“American Born Chinese” doesn’t quite have “everything” going for it


“American Born Chinese” feels like about three series crammed into one, which might explain why it takes so long to get into its history. Despite good times and the benefit of fortuitous timing – starring Michelle Yeoh and (briefly) Ke Huy Quan after their Oscar-winning work in “Everything Everywhere All at Once” – the intriguing mix of action, comedy-drama for teenagers and fancy never fully gelled.

Adapted from the graphic novel by Gene Luen Yang, the show begins quite promisingly with the story of the Monkey King (“Into the Badlands” star Daniel Wu) and his rebellious son (Jim Liu), who steals a magic staff. whose absence threatens to endanger their kingdom.

The story then shifts to Jin (Ben Wang), a teenager struggling with the vagaries of high school and the expectations of his immigrant parents (Chin Yan, Yeo Yann Yann), who seem to be constantly bickering, as mom pushes dad. seek a promotion at work.

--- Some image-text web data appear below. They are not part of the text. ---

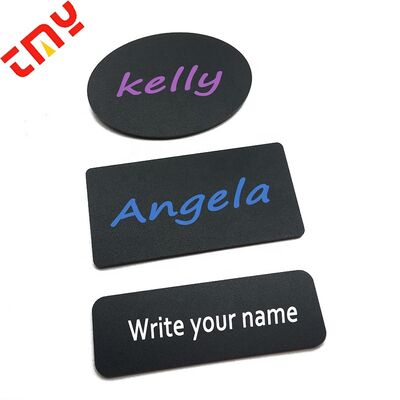 comprar Preço de Fábrica Logotipo Personalizado Reutilizável Gravável Plástico Placa Preta Crachás de Nome com Ímã ou Pino fabricação em linha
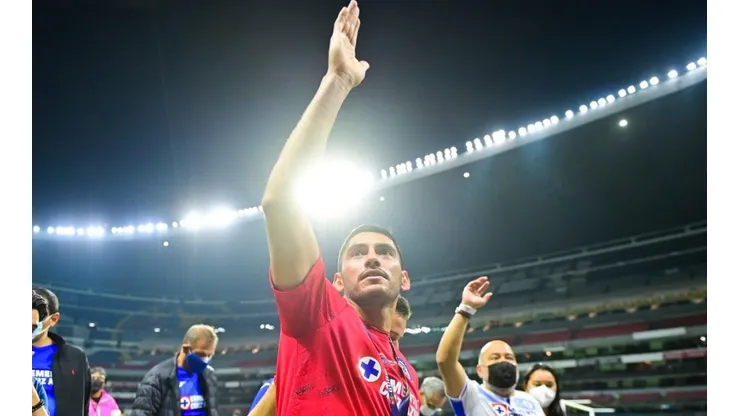 Jesús Corona en la celebración del título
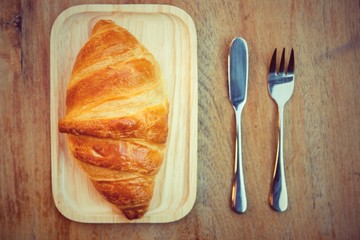 Croissant French toast is a popular place to eat Europeans.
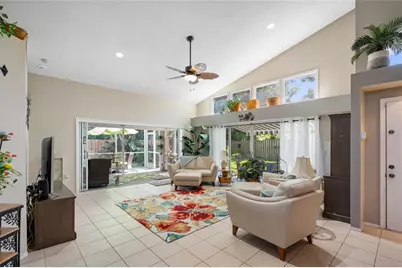 7815 Geneva Lane, Sarasota, FL 34243 - Photo 19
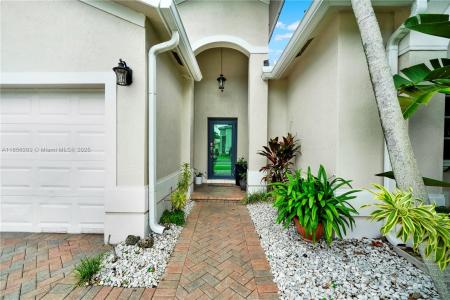 15577 SW 138th Ter, Miami, Florida 33196, USA
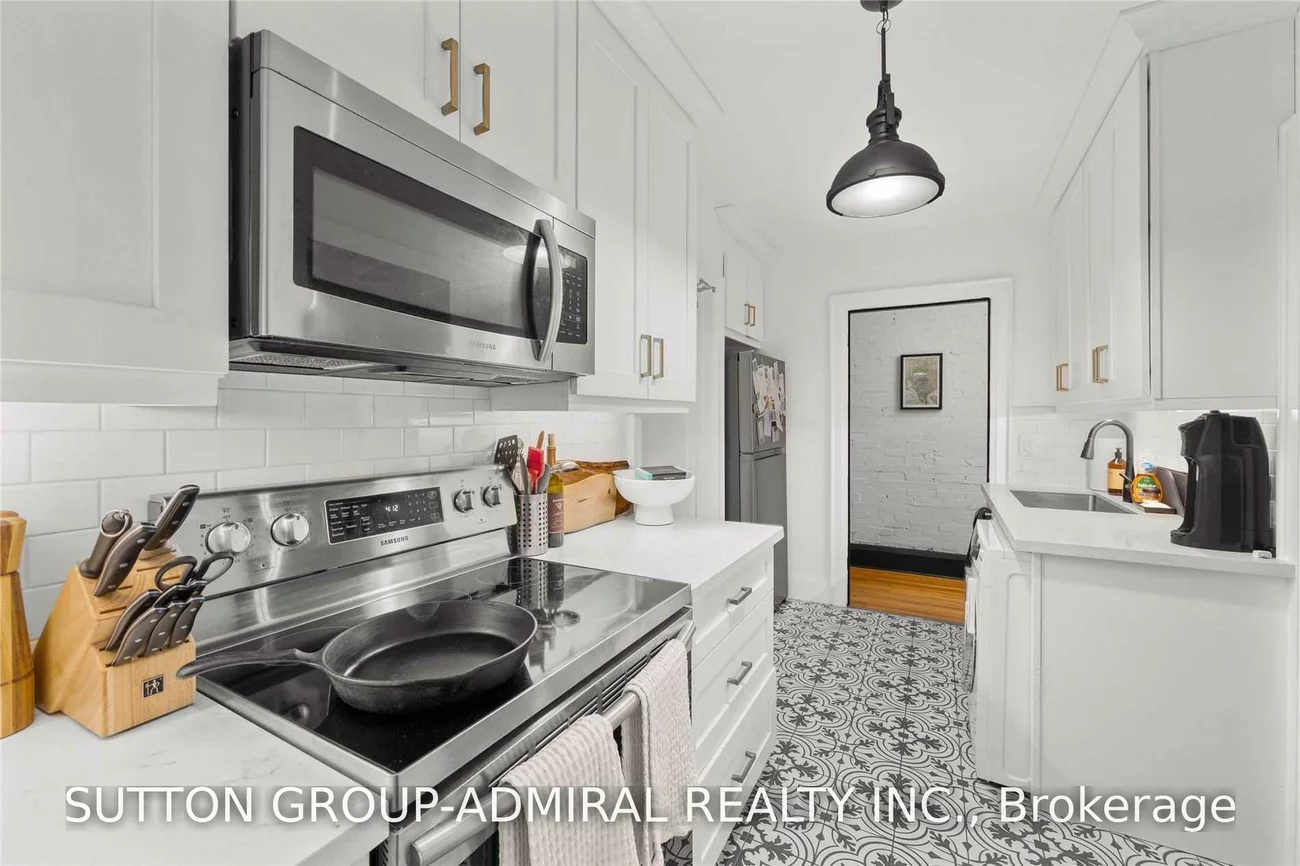 49, Wineva, The Beaches, Toronto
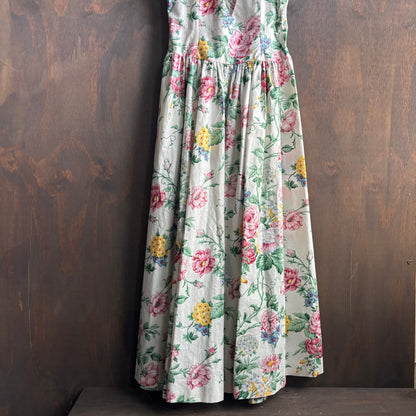Sleeveless Floral Maxi Dress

The strands gradually intersect, and the action airy, heavily stylized – with writing overseen by Kelvin Yu (“Bob’s Burgers”) and a pilot directed by Destin Daniel Cretton (“Shang-Chi and the Legend of the Ten Rings”) – comes to include Yeoh, who plays Guanyin, the Goddess of Mercy, whose time on Earth amusingly includes struggling with assembling Ikea furniture.

Yet the fact that it takes at least three of the first season’s eight episodes for the plot to kick off, and that a later chapter is devoted entirely to the villain’s origin story, is one of those luxuries of a streaming series that can also be a trap – at least, compared to a movie, where there’s not as much time to roam around.

The more leisurely pace provides an opportunity to flesh out the parents, and Wang makes for a very interesting and engaging track. The series also takes a detour to include the renewed popularity of a 90s sitcom starring a largely comedic Asian actor (played by Quan), illustrating how racism and stereotypes can subtly seep into conversation, while leaving Jin wondering if he should be offended. by that or the deaf principal who instructs him to ride around a newly arrived Chinese student.

That’s a lot to juggle, and the tension of all that sewing thread shows it. To its credit, “American Born Chinese” represents a more ambitious take on the genre of teen series that Disney Channel has historically produced with regularity, as well as a nuanced take on the Asian-American experience that Disney+ has also explored with the recent movie “Chang Can Dunk”.

That said, given the creative auspices and talent (which also includes “Everything Everywhere”‘s Stephanie Hsu in another small role), the show doesn’t fully live up to its lofty expectations. Not bad, as far as it goes, but it tests patience, especially for a series that, on paper, seemed to have “everything” going for it anyway.

“American Born Chinese” premieres May 24 on Disney+.